> [TASK DETAILS]
Report back each line of the data that contains the word "green".

> [EXCERPTED RECORDS]
'''

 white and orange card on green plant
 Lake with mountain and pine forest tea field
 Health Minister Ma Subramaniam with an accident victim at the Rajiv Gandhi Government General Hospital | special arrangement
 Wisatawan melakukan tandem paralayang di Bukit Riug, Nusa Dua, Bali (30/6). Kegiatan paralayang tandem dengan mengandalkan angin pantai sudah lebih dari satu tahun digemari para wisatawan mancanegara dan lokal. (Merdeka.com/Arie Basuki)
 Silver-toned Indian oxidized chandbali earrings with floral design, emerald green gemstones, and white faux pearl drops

'''
'''

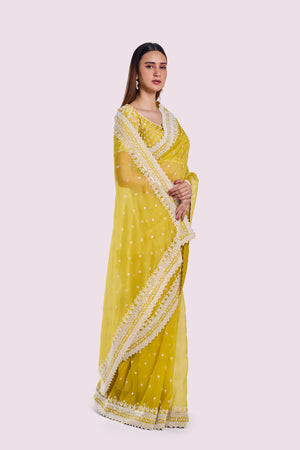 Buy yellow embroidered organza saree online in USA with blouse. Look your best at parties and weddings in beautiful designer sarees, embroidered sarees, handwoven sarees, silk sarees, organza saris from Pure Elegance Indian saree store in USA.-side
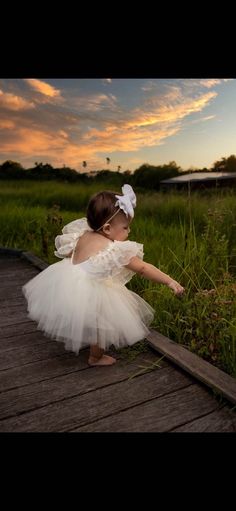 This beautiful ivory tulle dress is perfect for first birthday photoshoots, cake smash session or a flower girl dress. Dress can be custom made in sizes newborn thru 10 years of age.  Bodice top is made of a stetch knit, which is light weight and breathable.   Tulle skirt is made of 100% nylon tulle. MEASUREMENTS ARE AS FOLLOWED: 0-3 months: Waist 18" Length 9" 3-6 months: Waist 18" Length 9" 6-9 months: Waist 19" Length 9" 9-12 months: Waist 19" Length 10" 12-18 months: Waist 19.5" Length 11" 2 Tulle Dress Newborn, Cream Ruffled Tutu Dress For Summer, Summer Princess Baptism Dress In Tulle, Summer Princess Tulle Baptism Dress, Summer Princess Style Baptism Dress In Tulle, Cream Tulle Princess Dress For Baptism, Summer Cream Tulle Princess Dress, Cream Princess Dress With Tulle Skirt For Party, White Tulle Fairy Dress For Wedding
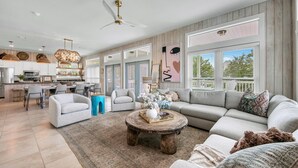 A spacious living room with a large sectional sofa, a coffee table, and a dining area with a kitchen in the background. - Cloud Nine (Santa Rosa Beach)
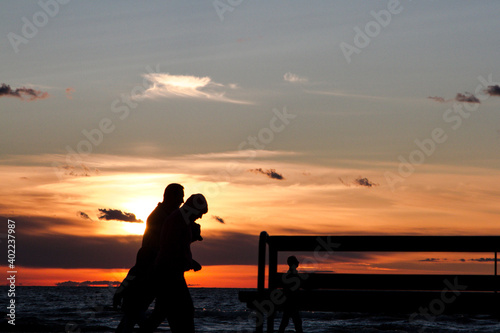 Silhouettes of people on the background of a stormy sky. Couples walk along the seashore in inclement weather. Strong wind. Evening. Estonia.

'''

> [ANSWER AREA]
 white and orange card on green plant
 Silver-toned Indian oxidized chandbali earrings with floral design, emerald green gemstones, and white faux pearl drops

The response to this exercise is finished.